[Task directions]: Give the listing below again exactly, but without any of its pictures.

□ □ □ □ □ □ □

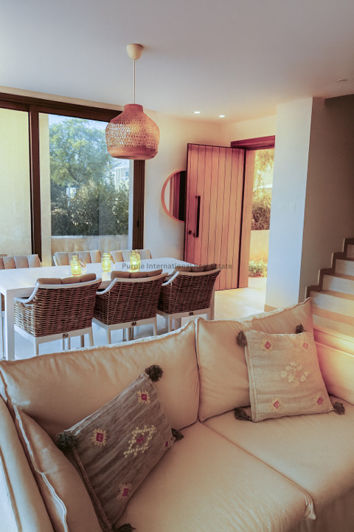 Image No.5-5 Bed Villa for sale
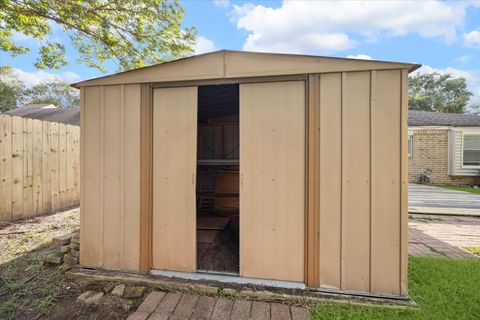 Tiny photo for 12411 Caren Court, Houston, TX 77031 (MLS # 80556071)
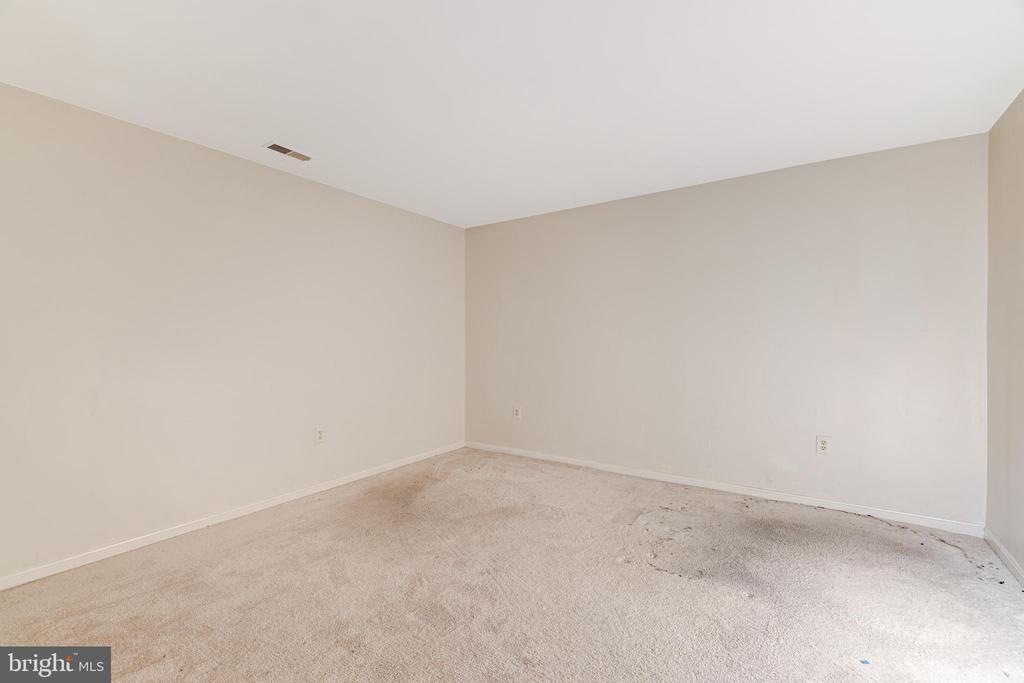 21875 Shallow Rock Sq
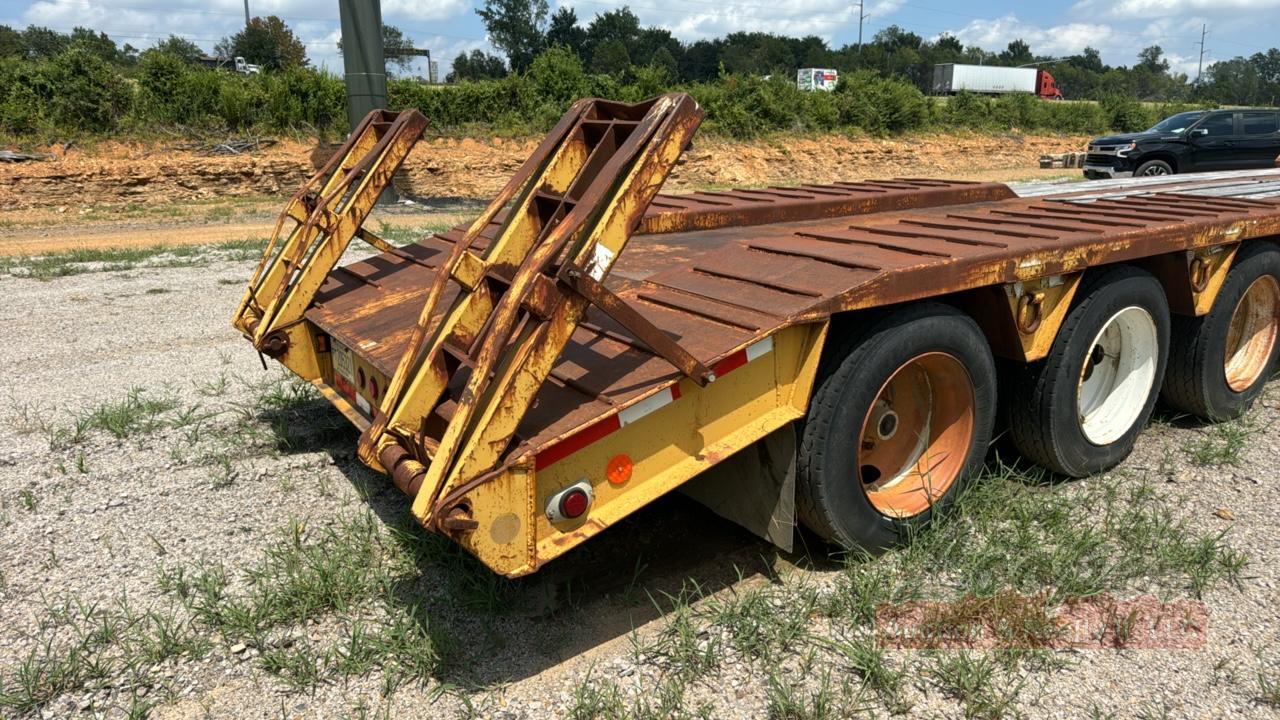 2007 Atoka Lowboy Trailer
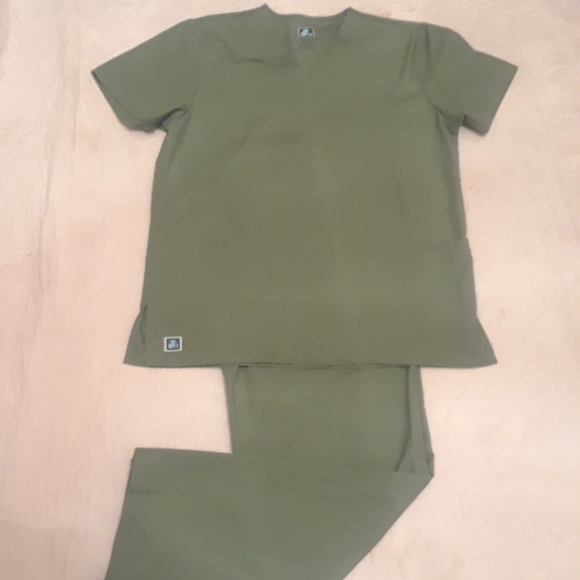 Adar Other - Adar scrub set.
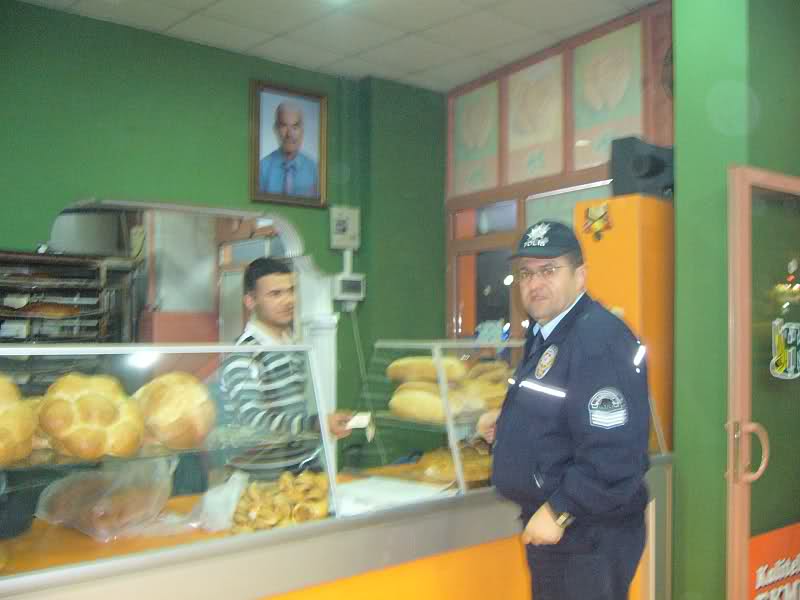 Kımse ac kalmasın Bir Ekmekde Askıya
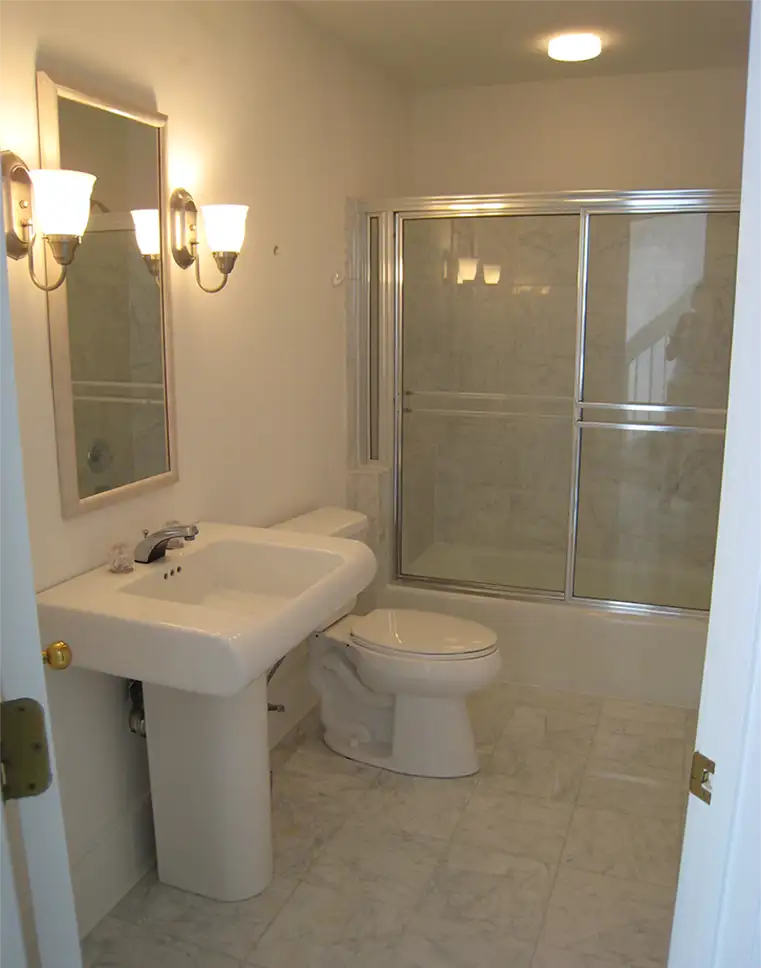 Bathroom before renovation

□ □ □ □ □ □ □

[Solution]:
 Image No.5-5 Bed Villa for sale
 Tiny photo for 12411 Caren Court, Houston, TX 77031 (MLS # 80556071)
 21875 Shallow Rock Sq
 2007 Atoka Lowboy Trailer
 Adar Other - Adar scrub set.
 Kımse ac kalmasın Bir Ekmekde Askıya
 Bathroom before renovation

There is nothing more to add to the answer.